Long, spiky leaves didn’t deter volunteers and UniSource employees from rescuing more than a dozen Joshua trees last month from a worksite north of Kingman.
To improve service reliability, UniSource is planning to build a 69-kilovolt (kV) sub-transmission line and a new substation on 2.5 acres near the growing community of Meadview.
The substation site is located amid a dense, high desert forest of Joshua trees, which have lifespans of up to 200 years and live only in the Mojave Desert. Although UniSource was not required by federal or state law to preserve the plants, our Land Resources team reached out to Friends of Arizona Joshua Tree Forest for help with relocating 21 trees from the substation site.
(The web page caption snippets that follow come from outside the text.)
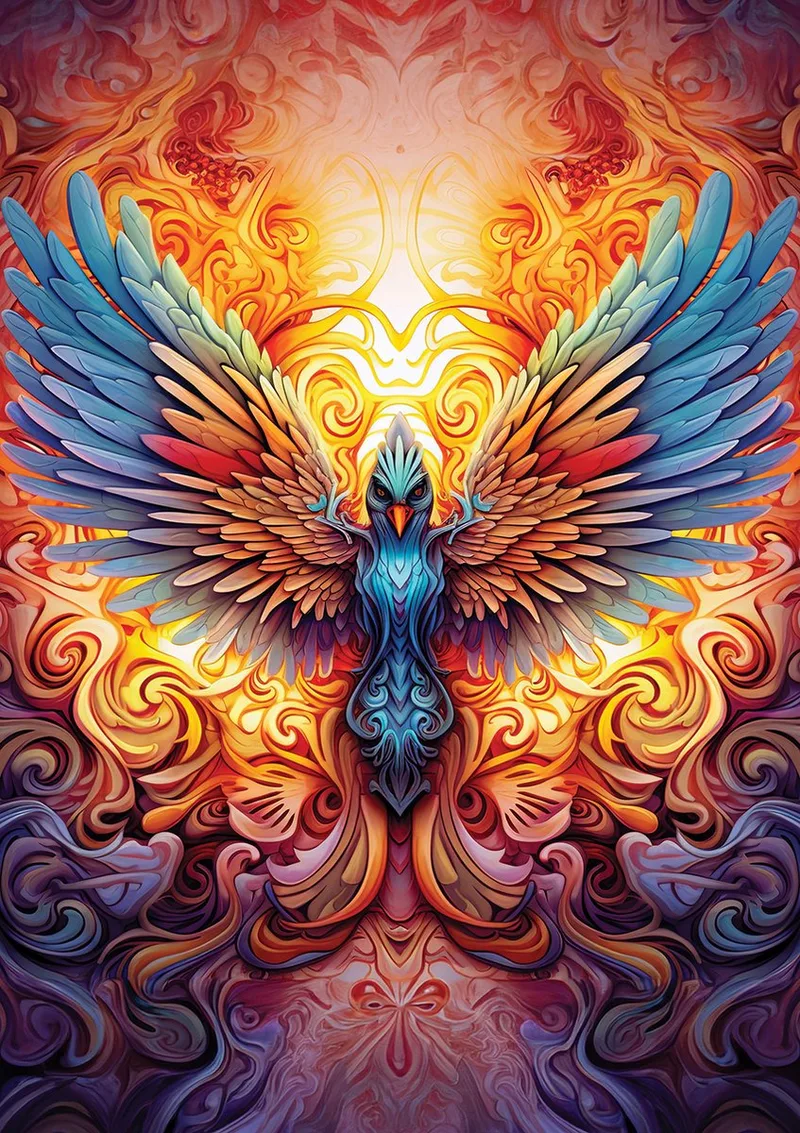 puzzel Colorful Phoenix - 1000 stukjes kleurrijk. von Art Puzzle, Ausgabe Mehrfarbig – Schachtel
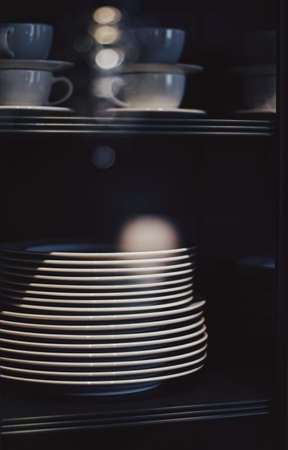 Home decor and interior design in modern house or apartment, luxury furniture and decoration detailsの写真素材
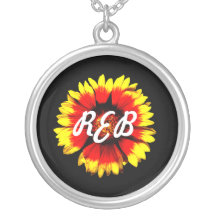 monogram galardia custom necklace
The nonprofit group works with the Bureau of Land Management (BLM) to preserve Arizona’s Joshua Tree Forest on the Grapevine Mesa.
“We’re committed to providing our customers with the best service possible, but we also want to be good stewards of the environment,” said Leslie Carpenter, a Senior Environmental and Land Planner. “We recognize the importance of preserving such a unique and sensitive area, and we’re proud to be partners with Friends of Arizona Joshua Tree Forest on this project.”
Pam Steffen, one of the Friends’ founders and a Meadview resident, said the group’s volunteers were more than happy to help with the relocation.
“I think our community sees it as a very important project. It’s a main objective of our group to preserve and protect the forest,” Steffen said. “We’re just very excited that a big company such as UniSource would be interested in transplanting trees and saving them. We hope other developers in the area will consider doing the same.”
During the two-day relocation effort, UniSource employees joined Friends’ volunteers to carefully dig up and relocate the trees under direction from a botanist, local landscapers and retired BLM employees. The team moved the trees about two miles south to an abandoned dirt road between Pierce Ferry and Diamond Bar roads.
“The team sent to complete the project was exceptional in their skills and commitment to doing the best for the trees’ survival,” Steffen said.
The Friends’ group is working with the BLM to reclaim the abandoned roadway by restoring it with Joshua trees rescued from construction sites. (Fans of U2’s top-selling album, “The Joshua Tree,” may be tickled to learn that these trees are indeed being moved to a street with no name.)
The Friends group coordinated a similar Joshua tree rescue in 2020 with the BLM and Mohave County to transplant 21 Joshua trees removed during a road realignment project.